→ **Your assignment**
An exact reproduction is needed of every line from the beginning of the data down to and including the line that contains "Pleated Maxi Skirt", minus the pictures.

··········

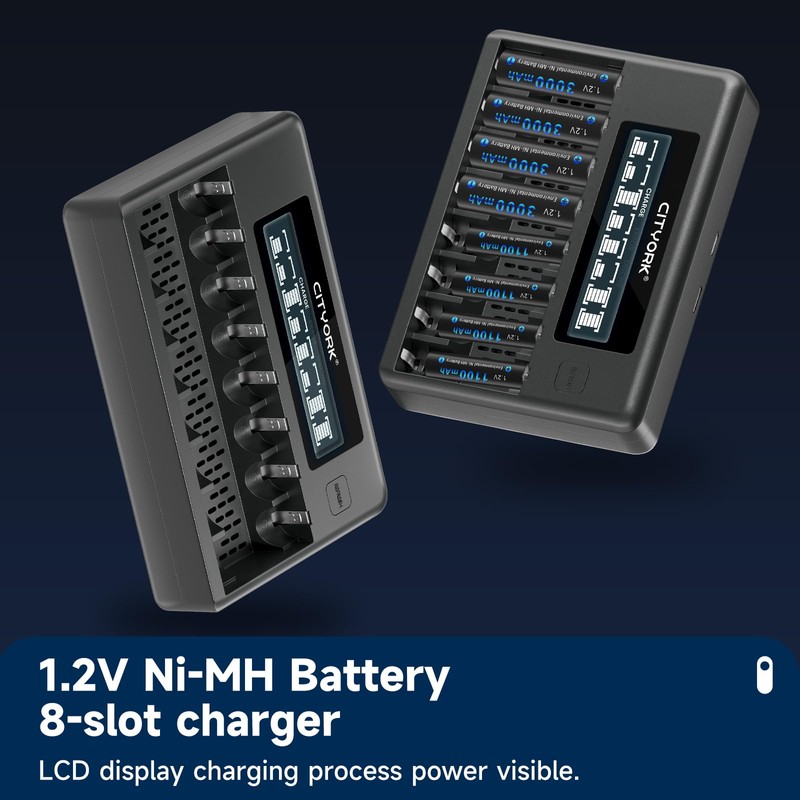 CITYORK Rechargeable Batteries with Charger, 8 Pack AA 3000mAh &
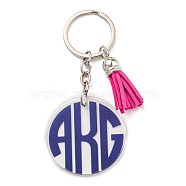 Acrylic Flat Round with Suede Tassel Pendant Keychain, with Iron Key Ring, Dark Blue, 100mm(KEYC-G060-01B)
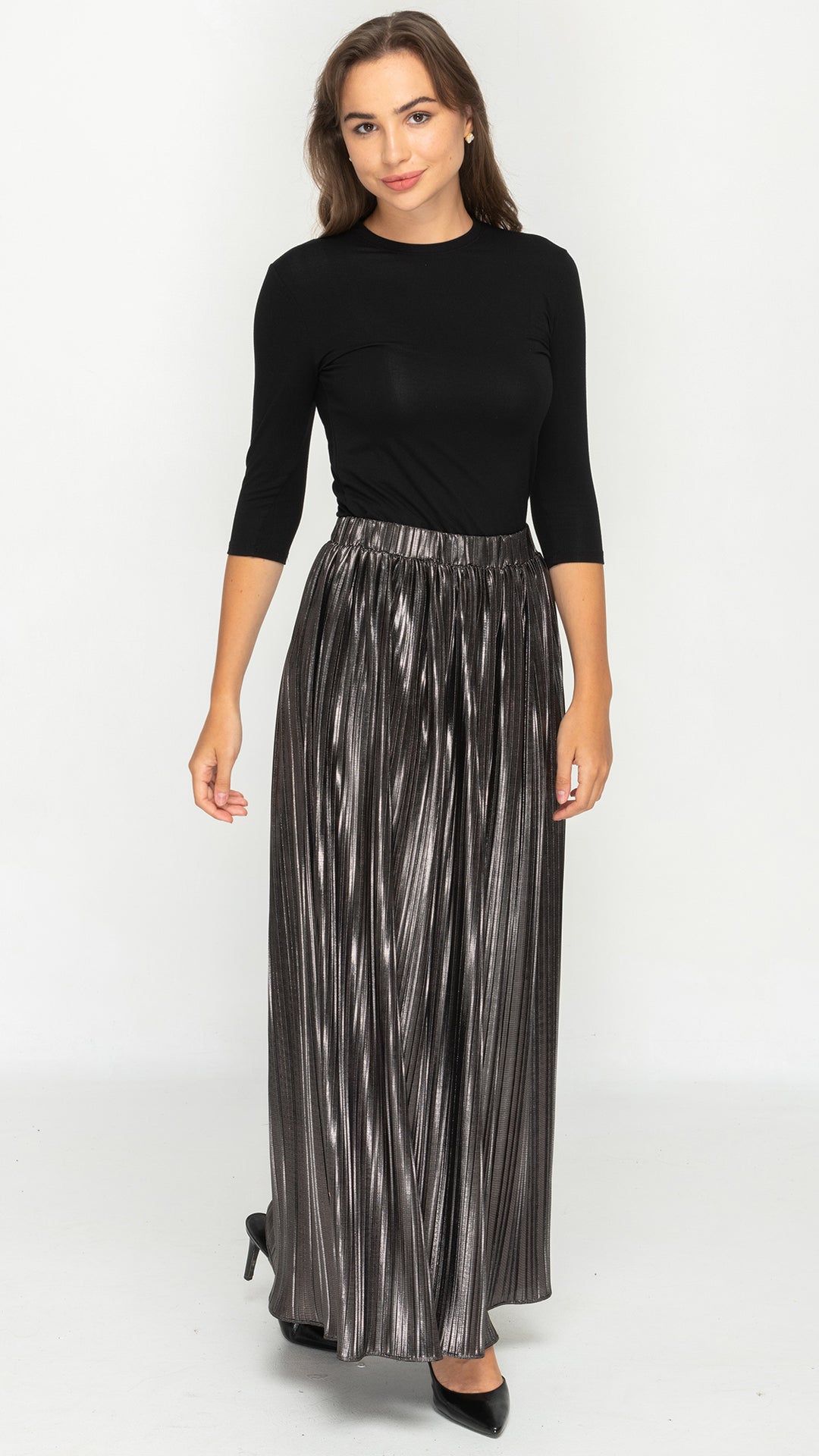 Pleated Maxi Skirt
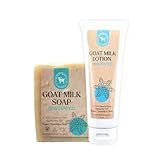 Honey Sweetie Acres Goat Milk Handmade Skincare Bundle Lotion & Soap Bar for Luxurious Hydration, Gentle Cleansing, All-Natural Care (Unscented)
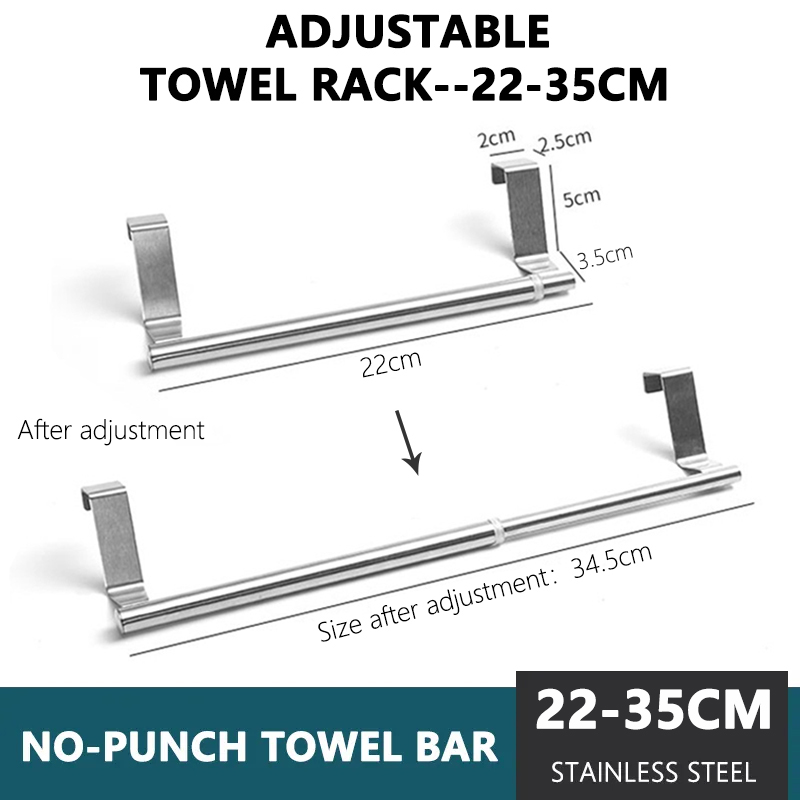 Towel Rack Over Door Towel Bar Hanging Holder Stainless Steel Kitchen Cabinet Bathroom Towel Rag Rack Home Organizer Hanger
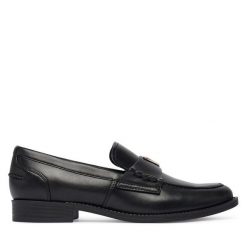 Lordsy Guess. Czarne półbuty damskie Guess, z aplikacjami, bez obcasa, bez zapięcia. Za 584.99 zł.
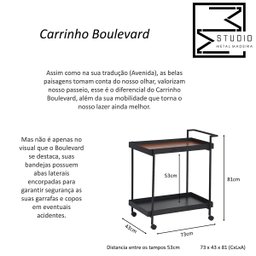 Carrinho Bar Cha Churrasco Adega Gourmet Aparador Industrial Boulevard - Preto - 7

··········

→ **Task result**
 CITYORK Rechargeable Batteries with Charger, 8 Pack AA 3000mAh &
 Acrylic Flat Round with Suede Tassel Pendant Keychain, with Iron Key Ring, Dark Blue, 100mm(KEYC-G060-01B)
 Pleated Maxi Skirt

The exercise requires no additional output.